When I started this post days ago, I wrote this: the past 36-hours have been a whirlwind of helping activities at the college combined with a mind-numbing, heart hurting, crushing realization that the life in education I’ve been helping myself and others to build, curate, prune, and fill with love is being ripped from my hands in one fell swoop. I have always been open to change and embracing it with the mind of an alchemist who reveres the work of melting new precious metals together to morph them into something new. It can feel like magic!

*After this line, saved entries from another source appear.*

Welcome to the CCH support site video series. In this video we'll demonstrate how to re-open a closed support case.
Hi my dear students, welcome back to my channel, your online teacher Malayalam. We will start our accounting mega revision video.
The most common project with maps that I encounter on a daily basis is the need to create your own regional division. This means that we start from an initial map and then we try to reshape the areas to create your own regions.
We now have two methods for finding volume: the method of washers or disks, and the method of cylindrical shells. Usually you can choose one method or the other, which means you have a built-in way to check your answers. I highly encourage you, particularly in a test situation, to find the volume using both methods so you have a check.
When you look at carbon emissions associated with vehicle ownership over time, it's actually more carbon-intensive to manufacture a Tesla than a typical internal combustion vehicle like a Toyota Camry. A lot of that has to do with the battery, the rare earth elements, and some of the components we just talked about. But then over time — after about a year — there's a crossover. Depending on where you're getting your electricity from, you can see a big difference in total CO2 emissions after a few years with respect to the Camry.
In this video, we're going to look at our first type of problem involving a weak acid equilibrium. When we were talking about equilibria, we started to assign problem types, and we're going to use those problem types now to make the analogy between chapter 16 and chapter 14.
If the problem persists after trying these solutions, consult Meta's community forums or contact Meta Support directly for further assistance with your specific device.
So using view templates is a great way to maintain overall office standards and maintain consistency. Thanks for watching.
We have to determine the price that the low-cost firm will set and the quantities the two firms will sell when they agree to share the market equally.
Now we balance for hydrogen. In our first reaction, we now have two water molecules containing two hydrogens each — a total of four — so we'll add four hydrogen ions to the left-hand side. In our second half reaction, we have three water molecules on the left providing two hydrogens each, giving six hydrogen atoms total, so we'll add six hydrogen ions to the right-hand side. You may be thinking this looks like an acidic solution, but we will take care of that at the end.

But what happened yesterday [in context: yesterday was May 26 and it’s now June 2] in the midst of doing many things that I do in a day, was to discover that someone could shred my department in the blink of a two-hour meeting on Zoom and empty it of many of the teachers who give it life. Hmmm. How do we teach everything with just three of us and one of us has numerous other duties as Chair? As it started to sink in slowly that this was going to present a formidable task, my tired (no, exhausted) mind couldn’t work quickly enough to process the Fall schedule that is already published and has many students enrolled in all our courses.
“Why?” You might ask.
“Why?” We all asked.
Aside [on May 27]: I’m playing bang on a can | music for airports | brian eno rather loudly with the open patio glass allowing fog-tinged air to tickle my nostrils. (Wearing a mask all morning into the afternoon sucks.)
For the past academic year in our department meetings, we were upbeat and excited to share the collaborations we do for other departments. BEMA is EVERYWHERE was our call out. So many of our faculty and staff do myriad tasks and projects for and with other departments usually including our students in the collaboration so they can learn, real-time with real clients, the value of teamwork while nurturing the feelings of group accomplishment and success.

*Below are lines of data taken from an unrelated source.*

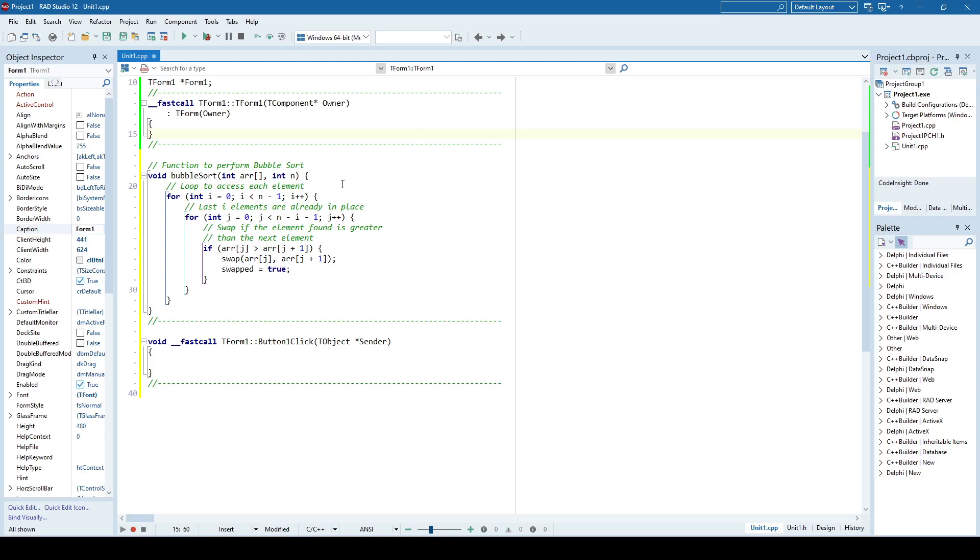Hello everyone and welcome back. In this video we are going to see how to integrate AI assistance in C++ Builder.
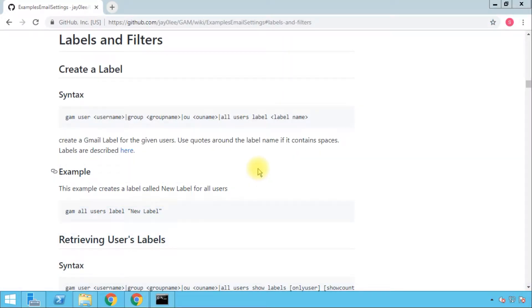Hello everyone and welcome to this new video about how to use GAM to manage your G Suite. In this video I'm going to talk about labels and how you can create labels for specific users or even for all of the users in your G Suite admin console.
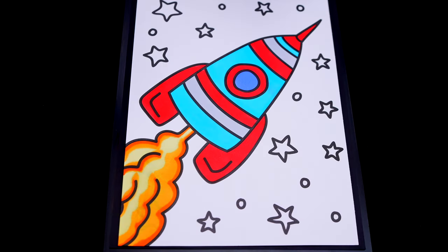Now I'm all finished coloring in this rocket. Next, let's color in all the stars in the background, yellow, white, orange, red, and blue.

Next aside, now on to 90’s Trip-Hop Essentials with Beth’s plaintively sweet wail of Portishead Sour Times filling my room. Ahhh, now this is where I’m at. It’s just right.

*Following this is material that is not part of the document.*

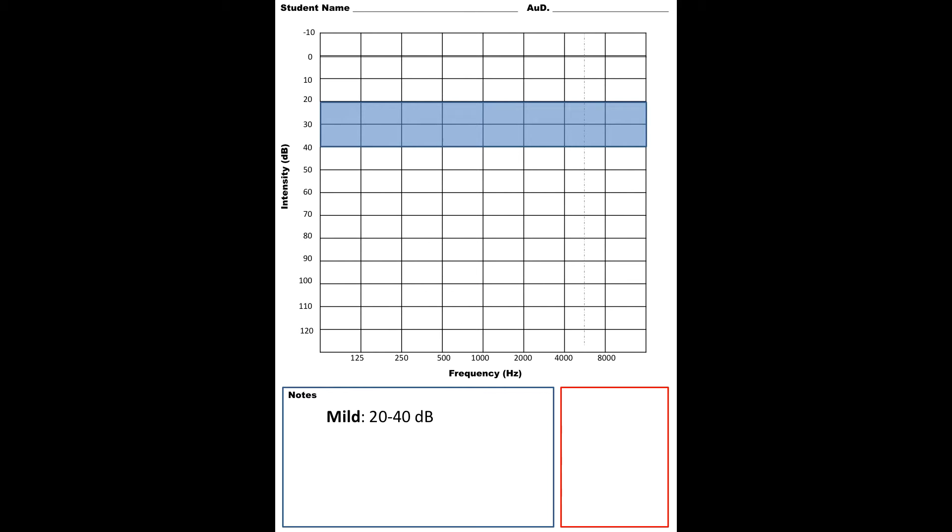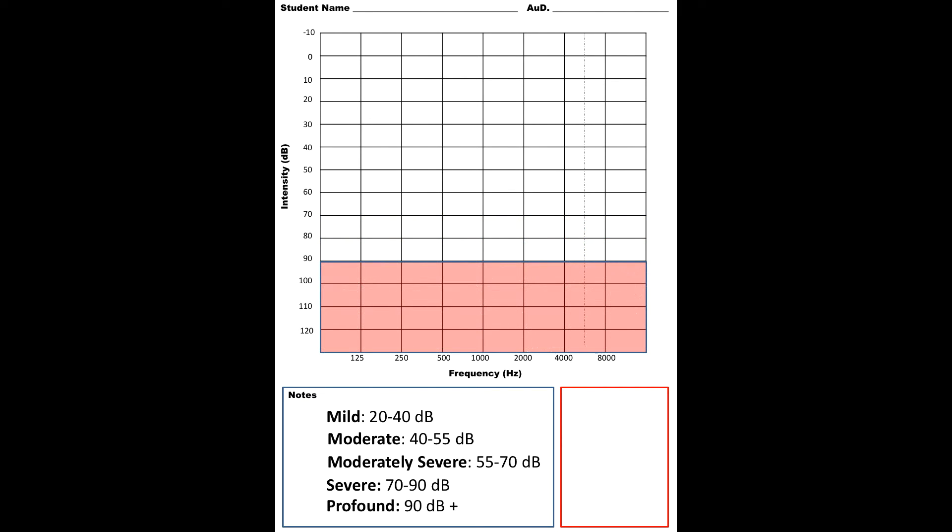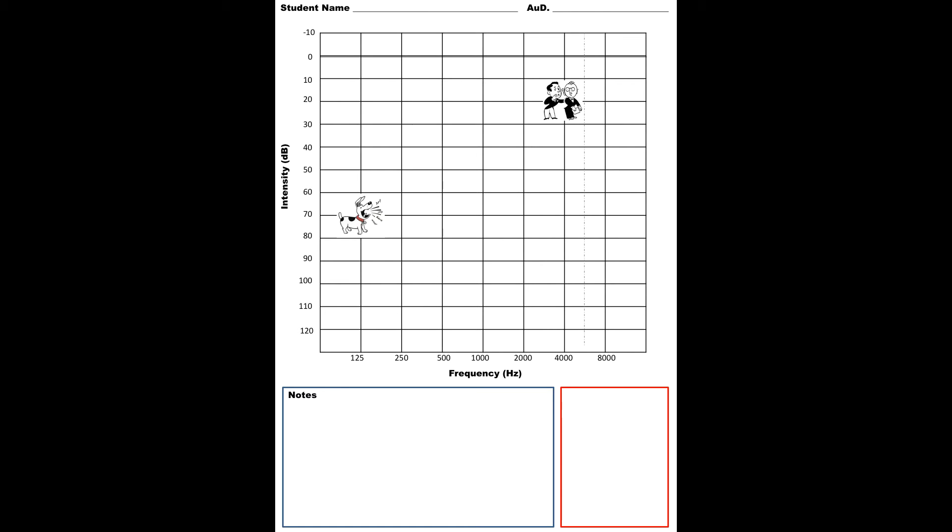I wanted to go over the degrees of hearing loss pretty briefly so you can see it represented on an audiogram. A mild hearing loss is going to be between 20 and 40 decibel levels. A moderate hearing loss will be between 40 and 55 decibels. A moderately severe hearing loss will be between 55 and 70. A severe hearing loss is between 70 and 90. And finally, a profound hearing loss will be 90 and above. As you can see on the audiogram, as the degree of hearing loss becomes more severe, it goes down on the audiogram.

Feeling a bit chewed up with my heart twisted today and this suits the vibe. The previous sonic aside featured some perfectly ambient backbone with melodic repetitions weaving throughout. Sound emitting from various instruments timed at intervals that slightly alter the rhythm. I love these quiet and artful thought-provoking works of music and sound…delicious to my tympanic membrane and cochlea.
It’s now June 2 and I’m in southern California staying at the loveliest AirBnB with the sweetest and most accommodating host. As I type, there is a pool reflecting the beauty of a backyard garden filled with flowers, birds, and bees. This is so necessary for me right now. I’ve spent the last 3 days in meetings and talks about how to save my department from the most massive cut ever to our faculty and programs. I have been in shock for days, but showing up to the front lines to fight for every last idea I could bring to the table to change this horror that has been unfolding before me since May 26th.
I can’t believe that after I have calculated every move I can make given the very tiny box we have been put into: only three of us left to teach, no overloads, and the one audio teacher is the dept chair with a considerable amount of other work which covers most of the teaching load I am allowed; we are totally screwed. We can only fulfill our Film, Television, and Electronic Media Associates Degree for Transfer and a Certificate of Achievement in Video Editing and Post-Production. THAT IS IT out of 11 certificates, three of them audio certificates. NO MORE AUDIO? What the living hell? I’m a 35-year veteran of audio and I’m now the chair of a video department? I am livid and deeply sad all in one fell swoop. It’s the same gut-punching sadness I felt when I lost my wife who I was madly in love with and my record label business in the same year back in 2003-4. It’s that same kind of numbing sadness. I walk around here in southern California in a stupor. This was supposed to be my time to celebrate my first year as department chair and attend the NAMM show which is my favorite of all audio conventions mostly to see old friends and associates while playing with new gear together. Instead, I feel like I’ve been through a medieval blood-letting of leeches all over my being. Oh, and I’ve been leached as well (emptied, drained).
In conclusion, I feel an obtusion on my brain and my heart. I don’t know where to start because it feels like I’m at the end…
gold, silver, mercury, copper, lead, iron, and tin – my alchemy fades.